Les séismes survenus en 2011 ont coûté au moins 226 milliards de dollars de perte pour le secteur de l'assurance d'après le réassureur Suisse Ré.
Parmi les séismes de 2011, celui du Japon est sans surprise celui qui a coûté le plus avec entre 210 et 300 milliards de dollars (entre 163 et 234 milliards d'euros) de perte. Un coût qui lui attribue également le triste record de la catastrophe naturelle la plus onéreuse de tous les temps, selon Swiss Re. A côté, la catastrophe en Nouvelle-Zélande a coûté 15 milliards de dollars et celle en Turquie survenue en octobre, 750 millions. A titre de comparaison, les tremblements de terre de 2010 n'avaient coûté "que" 50 milliards de dollars.

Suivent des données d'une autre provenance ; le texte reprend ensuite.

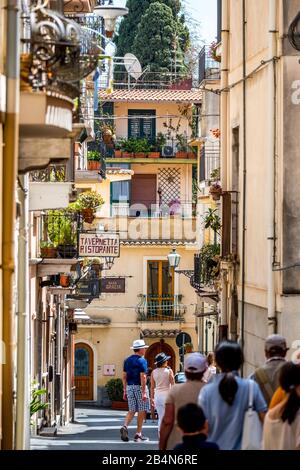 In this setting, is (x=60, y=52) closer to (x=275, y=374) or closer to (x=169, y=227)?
(x=275, y=374)

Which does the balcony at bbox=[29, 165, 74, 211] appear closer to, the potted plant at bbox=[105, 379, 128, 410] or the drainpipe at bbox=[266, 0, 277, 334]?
the drainpipe at bbox=[266, 0, 277, 334]

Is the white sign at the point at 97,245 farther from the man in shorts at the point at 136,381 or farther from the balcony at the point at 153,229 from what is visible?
the balcony at the point at 153,229

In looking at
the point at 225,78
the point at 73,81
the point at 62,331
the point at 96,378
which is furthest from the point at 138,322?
the point at 73,81

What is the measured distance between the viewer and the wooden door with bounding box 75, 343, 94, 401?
56.8 metres

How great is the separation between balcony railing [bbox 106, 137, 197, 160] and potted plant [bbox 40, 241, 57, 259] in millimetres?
33372

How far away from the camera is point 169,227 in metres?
58.4

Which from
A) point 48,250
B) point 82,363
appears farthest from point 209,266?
point 82,363

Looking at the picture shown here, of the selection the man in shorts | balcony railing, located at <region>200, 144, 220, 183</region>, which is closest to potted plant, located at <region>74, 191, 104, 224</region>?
balcony railing, located at <region>200, 144, 220, 183</region>

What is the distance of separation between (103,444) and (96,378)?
33051 mm

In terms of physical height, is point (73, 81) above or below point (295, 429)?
above

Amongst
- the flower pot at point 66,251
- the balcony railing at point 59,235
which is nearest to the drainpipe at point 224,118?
the flower pot at point 66,251

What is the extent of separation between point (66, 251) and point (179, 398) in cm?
1658

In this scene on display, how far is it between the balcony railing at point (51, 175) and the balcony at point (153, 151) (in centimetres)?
3363

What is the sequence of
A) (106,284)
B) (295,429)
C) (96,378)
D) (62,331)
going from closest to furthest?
(295,429), (62,331), (106,284), (96,378) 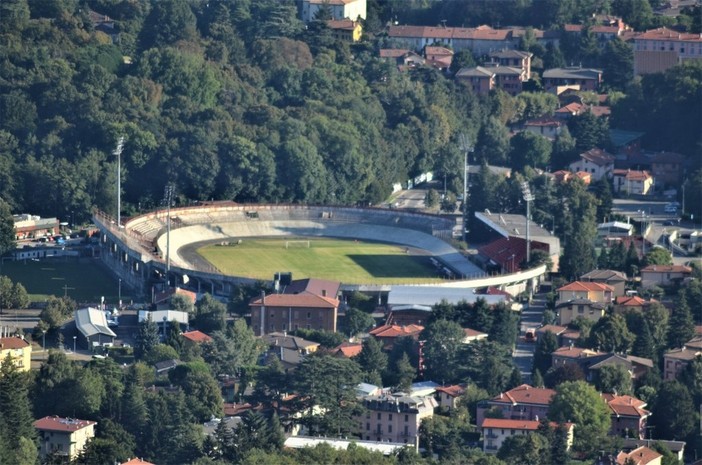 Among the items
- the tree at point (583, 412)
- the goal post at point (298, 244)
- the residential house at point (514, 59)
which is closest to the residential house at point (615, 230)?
the goal post at point (298, 244)

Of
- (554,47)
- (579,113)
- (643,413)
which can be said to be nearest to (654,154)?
(579,113)

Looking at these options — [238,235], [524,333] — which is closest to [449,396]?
[524,333]

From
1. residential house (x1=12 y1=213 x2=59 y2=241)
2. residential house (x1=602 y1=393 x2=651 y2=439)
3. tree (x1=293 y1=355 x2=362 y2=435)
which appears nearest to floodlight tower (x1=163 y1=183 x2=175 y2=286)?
residential house (x1=12 y1=213 x2=59 y2=241)

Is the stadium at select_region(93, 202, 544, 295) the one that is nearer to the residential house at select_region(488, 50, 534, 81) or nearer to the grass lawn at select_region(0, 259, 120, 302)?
the grass lawn at select_region(0, 259, 120, 302)

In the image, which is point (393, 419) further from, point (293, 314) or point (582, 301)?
point (582, 301)

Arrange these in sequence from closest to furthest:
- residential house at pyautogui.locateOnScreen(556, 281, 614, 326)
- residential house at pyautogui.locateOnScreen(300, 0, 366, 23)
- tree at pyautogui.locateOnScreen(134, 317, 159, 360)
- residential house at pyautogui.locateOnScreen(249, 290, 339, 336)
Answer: tree at pyautogui.locateOnScreen(134, 317, 159, 360) → residential house at pyautogui.locateOnScreen(249, 290, 339, 336) → residential house at pyautogui.locateOnScreen(556, 281, 614, 326) → residential house at pyautogui.locateOnScreen(300, 0, 366, 23)

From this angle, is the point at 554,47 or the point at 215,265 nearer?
the point at 215,265

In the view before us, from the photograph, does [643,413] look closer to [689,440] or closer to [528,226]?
[689,440] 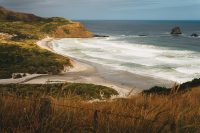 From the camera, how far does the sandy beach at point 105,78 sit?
32.7m

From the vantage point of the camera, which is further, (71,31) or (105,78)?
(71,31)

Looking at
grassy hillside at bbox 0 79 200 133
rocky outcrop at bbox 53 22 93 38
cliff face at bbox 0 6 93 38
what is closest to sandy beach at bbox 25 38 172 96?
grassy hillside at bbox 0 79 200 133

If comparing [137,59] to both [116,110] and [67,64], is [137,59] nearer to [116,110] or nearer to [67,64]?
[67,64]

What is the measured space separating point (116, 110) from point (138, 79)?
1178 inches

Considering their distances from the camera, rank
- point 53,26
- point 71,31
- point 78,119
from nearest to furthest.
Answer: point 78,119, point 71,31, point 53,26

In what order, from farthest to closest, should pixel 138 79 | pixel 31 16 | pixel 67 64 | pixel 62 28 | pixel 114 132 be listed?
pixel 31 16 → pixel 62 28 → pixel 67 64 → pixel 138 79 → pixel 114 132

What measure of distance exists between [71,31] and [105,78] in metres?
82.3

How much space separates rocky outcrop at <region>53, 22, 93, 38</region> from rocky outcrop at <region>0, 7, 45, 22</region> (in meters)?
25.7

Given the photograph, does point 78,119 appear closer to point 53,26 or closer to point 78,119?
point 78,119

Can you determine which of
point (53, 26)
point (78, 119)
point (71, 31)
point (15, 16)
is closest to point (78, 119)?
point (78, 119)

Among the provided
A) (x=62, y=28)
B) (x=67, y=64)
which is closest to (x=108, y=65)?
(x=67, y=64)

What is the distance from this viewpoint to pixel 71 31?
118 m

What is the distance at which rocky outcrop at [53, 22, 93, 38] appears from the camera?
11362 centimetres

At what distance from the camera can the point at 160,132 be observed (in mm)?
4848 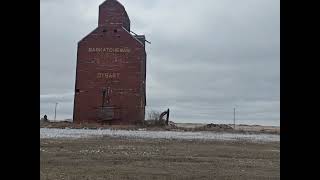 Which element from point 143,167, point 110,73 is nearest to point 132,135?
point 110,73

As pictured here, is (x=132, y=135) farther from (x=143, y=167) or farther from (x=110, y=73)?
(x=143, y=167)

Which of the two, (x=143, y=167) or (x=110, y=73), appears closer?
(x=143, y=167)

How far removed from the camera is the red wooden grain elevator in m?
46.0

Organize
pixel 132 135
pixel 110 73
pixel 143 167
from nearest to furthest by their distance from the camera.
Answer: pixel 143 167, pixel 132 135, pixel 110 73

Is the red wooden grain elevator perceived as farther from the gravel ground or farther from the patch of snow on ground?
the gravel ground

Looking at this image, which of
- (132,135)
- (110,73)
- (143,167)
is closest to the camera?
(143,167)

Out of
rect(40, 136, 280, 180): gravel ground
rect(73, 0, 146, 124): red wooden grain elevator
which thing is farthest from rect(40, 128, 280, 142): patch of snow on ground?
rect(40, 136, 280, 180): gravel ground

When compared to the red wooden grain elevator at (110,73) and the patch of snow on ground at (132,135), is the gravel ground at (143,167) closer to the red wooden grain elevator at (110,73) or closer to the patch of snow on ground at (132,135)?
the patch of snow on ground at (132,135)

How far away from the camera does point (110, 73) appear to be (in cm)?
4650

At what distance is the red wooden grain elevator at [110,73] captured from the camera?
151ft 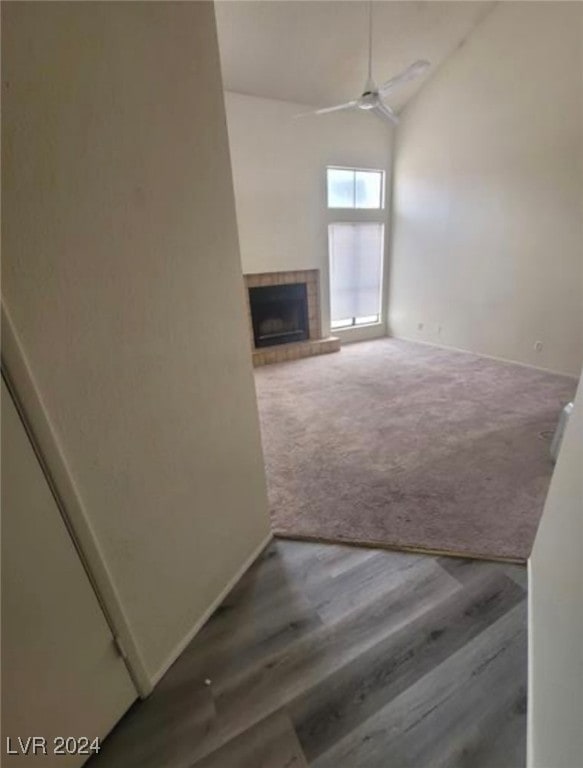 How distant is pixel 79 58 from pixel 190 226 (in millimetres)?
415

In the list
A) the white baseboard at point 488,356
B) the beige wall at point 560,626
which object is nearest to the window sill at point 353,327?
the white baseboard at point 488,356

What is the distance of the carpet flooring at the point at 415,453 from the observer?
1780 mm

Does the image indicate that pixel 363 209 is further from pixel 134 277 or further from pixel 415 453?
pixel 134 277

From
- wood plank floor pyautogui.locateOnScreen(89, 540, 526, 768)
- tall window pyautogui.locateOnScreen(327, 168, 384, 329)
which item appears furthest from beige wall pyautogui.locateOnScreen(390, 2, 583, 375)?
wood plank floor pyautogui.locateOnScreen(89, 540, 526, 768)

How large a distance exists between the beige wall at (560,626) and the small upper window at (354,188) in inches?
180

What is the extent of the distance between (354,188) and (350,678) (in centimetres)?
540

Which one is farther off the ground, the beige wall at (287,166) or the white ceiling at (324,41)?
the white ceiling at (324,41)

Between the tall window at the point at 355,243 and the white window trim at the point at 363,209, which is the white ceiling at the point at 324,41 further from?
the tall window at the point at 355,243

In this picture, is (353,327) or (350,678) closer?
(350,678)

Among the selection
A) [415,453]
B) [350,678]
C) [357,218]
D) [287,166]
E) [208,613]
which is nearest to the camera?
[350,678]

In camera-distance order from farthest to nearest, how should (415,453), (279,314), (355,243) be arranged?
(355,243), (279,314), (415,453)

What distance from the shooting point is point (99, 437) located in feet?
2.96

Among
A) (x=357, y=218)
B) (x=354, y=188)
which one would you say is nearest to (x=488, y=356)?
(x=357, y=218)

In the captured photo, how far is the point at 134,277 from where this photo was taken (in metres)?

Sans prendre en compte l’accident nucléaire, les pertes économiques liées au tremblement de terre et au tsunami s’élèvent à 166 milliards d’euros au Japon, tandis que le montant des indemnisations pourrait, quant à lui, s’élever à 32 milliards d’euros. D’après son concurrent Swiss Re, cela aurait pu être bien pire. Si le Japon avait été mieux assuré contre les tremblements de terre, cela aurait pu coûter beaucoup plus cher à l’industrie de l’assurance.
Même dans les pays industrialisés avec un fort risque sismique comme le Japon, les polices d’assurance contre les tremblements de terre ne sont pas très prisées. Les coûts sont alors supportés par des entreprises, des organisations caritatives, les gouvernements et in fine les contribuables. En revanche, en Nouvelle-Zélande, où Christchurch a été dévasté par un tremblement de terre de magnitude 6,3 en février, les pertes s’élèvent à 12,6 milliards d’euros dont 10 couverts par des assurances.
Néanmoins, comme l'explique Swiss Re, la contribution du secteur des assurances aux efforts de reconstruction diffère selon les événements. Ainsi, les assureurs ne devront endosser que 17 % des coûts totaux de la catastrophe du Japon. En revanche, ils prendront en charge près de 80 % des pertes économiques dues au tremblement de terre en Nouvelle-Zélande en février et seulement 4 % de celui survenu en Turquie. En 2010, le séisme à Haïti en janvier 2010 n'avait pas représenté une grande charge pour les assureurs, ceux-ci n'ayant eu à payer que 1 % des coûts, faute d'assurés.